EVERSON, Wash. - A neighborhood of 12 pretty town homes in this rural area of Whatcom County represents more than new housing opportunities for Nooksack tribal members. For about 16 Nooksacks, building the townhomes meant an opportunity to learn new skills leading to careers in construction.
"These town houses were built by Nooksack Indian tribe members for Nooksack Indian families," said Jeff Hertz, director of the Nooksack Housing Authority. "This is an excellent example of federal grant funding being used to its fullest extent to meet the employment and housing needs of the Nooksack people."
For Clayton Roberts, the town homes gave him a chance to return home and to further develop his construction skills. A Nooksack, he was raised in Deming but lived for awhile in Bellingham.
Roberts had worked in construction for about 12 months when he was hired to help build the town homes in June 2003. He said he is related to six families in the new neighborhood.
Mike Grummel, project superintendent, said construction industry apprentices earn between $10 and $16 an hour. Grummel said Nooksack is developing a similar apprenticeship program with the Lummi Indian Nation.
Jobs are scarce in this part of Whatcom County. Many Nooksacks work for the tribal government, the Nooksack River Casino or area lumberyards. Tribal enterprises include the casino and the Nooksack Market Centre in Deming.

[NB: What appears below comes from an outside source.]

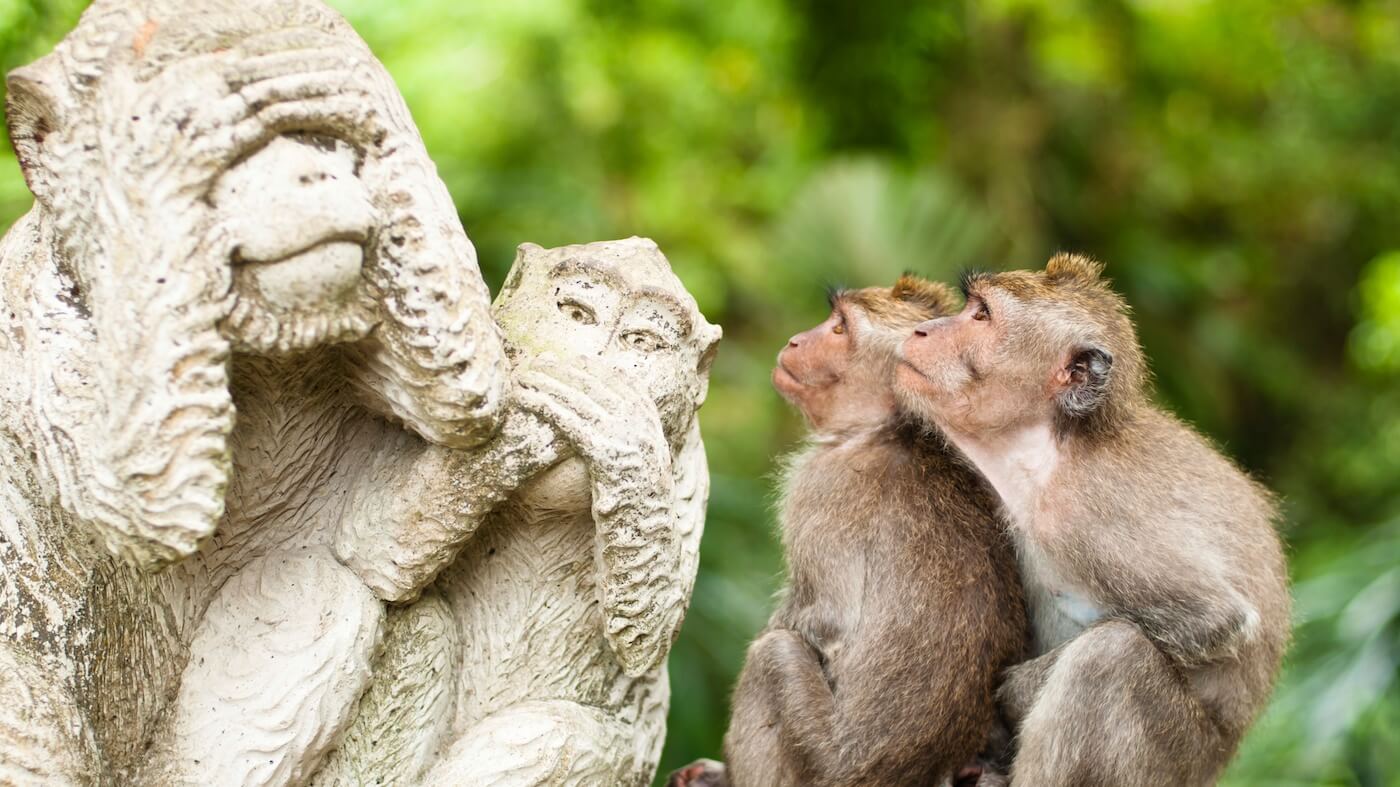 Monkeys and monkey statues Bali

Home construction, however, is booming. More people are building homes amid the scenic rural beauty of eastern Whatcom County and commuting to jobs in Bellingham and Mount Vernon.
Nooksacks expanding in region
The Nooksack Indian tribe is headquartered 17 miles east of Bellingham near the town of Deming. The tribe was recognized in 1973 and has a total enrollment of 1,658 and a total land base of 284.53 acres - almost six people per acre. Nooksack has expanded its land base by acquiring non-tribal land, like the townhouse site, and converting it to tribal trust land.

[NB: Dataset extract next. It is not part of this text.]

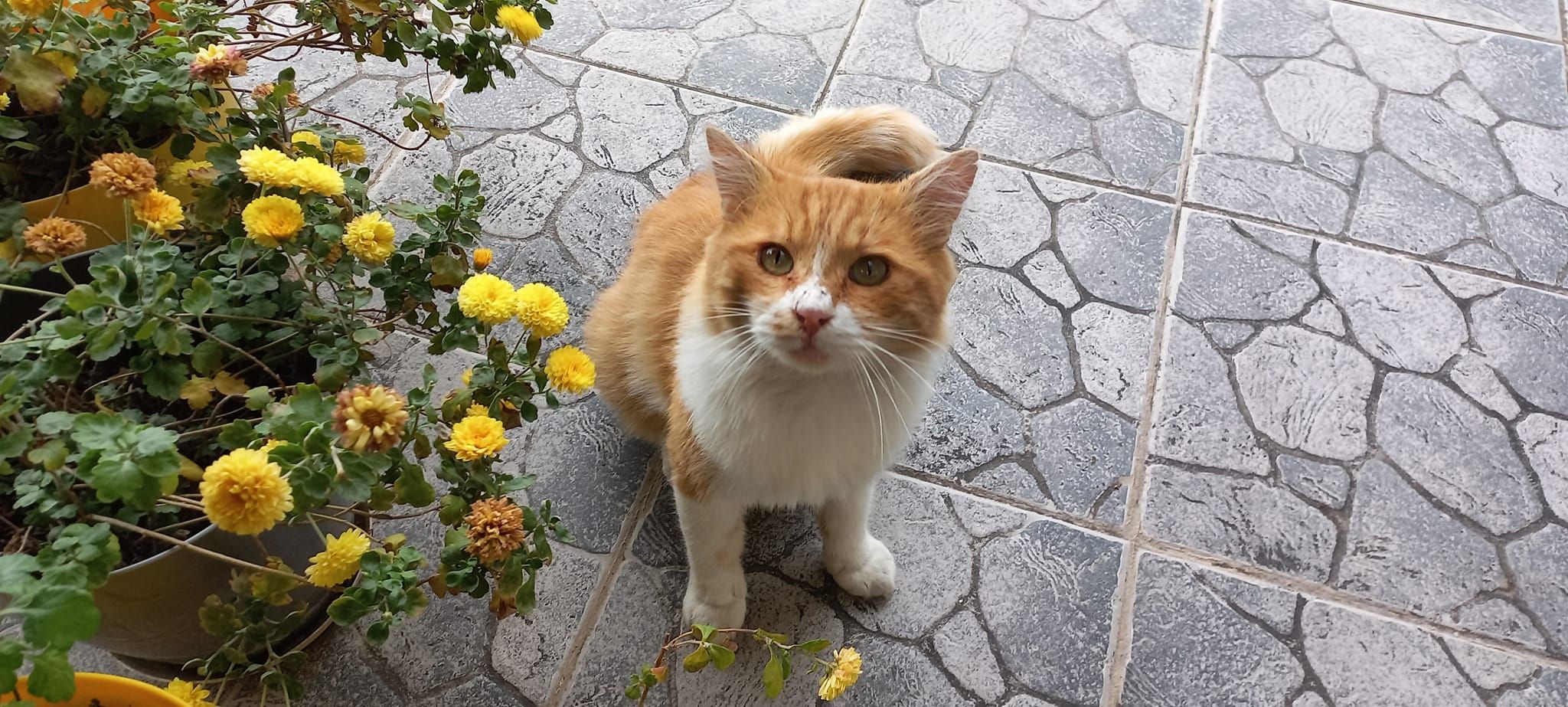 Macoki - Arben Xheladini, Prishtina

"The Nooksack Indian Tribe is a growing organization that is progressively taking steps to provide for the needs of our people," Nooksack Chairman Narcisco Cunanan said in a press release. "We share in the region's vision for a great quality of life while, at the same time, striving to maintain our culture and protect our sovereignty."
The town houses are located on Mission Road in Everson, near Deming. They were built by the Nooksack Tribal Works Department using funds from the U.S. Department of Housing and Urban Development.

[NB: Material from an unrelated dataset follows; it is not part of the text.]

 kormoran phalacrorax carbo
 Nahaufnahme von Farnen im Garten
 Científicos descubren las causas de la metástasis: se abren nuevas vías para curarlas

The two-story units are 1,152 square feet each, with two bedrooms and one and a half bathrooms.
"The maximum rental charge on the town homes will be $650 per month, which can be adjusted downward based on each tenant's income and [Nooksack Housing Authority] program guidelines," Hertz said.
The town houses are next to Nooksack's Suchanon Housing Site, a neighborhood of 40 mutual-help homes, three, four and five-bedroom in size.
Other Nooksack housing developments:
*Five Cedars, a Deming neighborhood of 30 mutual-help homes, three and four-bedroom in size.
*Five Cedars also has seven two-bedroom homes that are rentals for elders and those with physical challenges.
*Rutsatz Housing Site, a Deming neighborhood of 27 mutual-help homes, two, three and four-bedroom in size.
*17 homes in several locations in Whatcom County.
Nooksack celebrated the grand opening of the town houses on Feb. 6, followed by tours of the units and a reception at the Nooksack Community Center.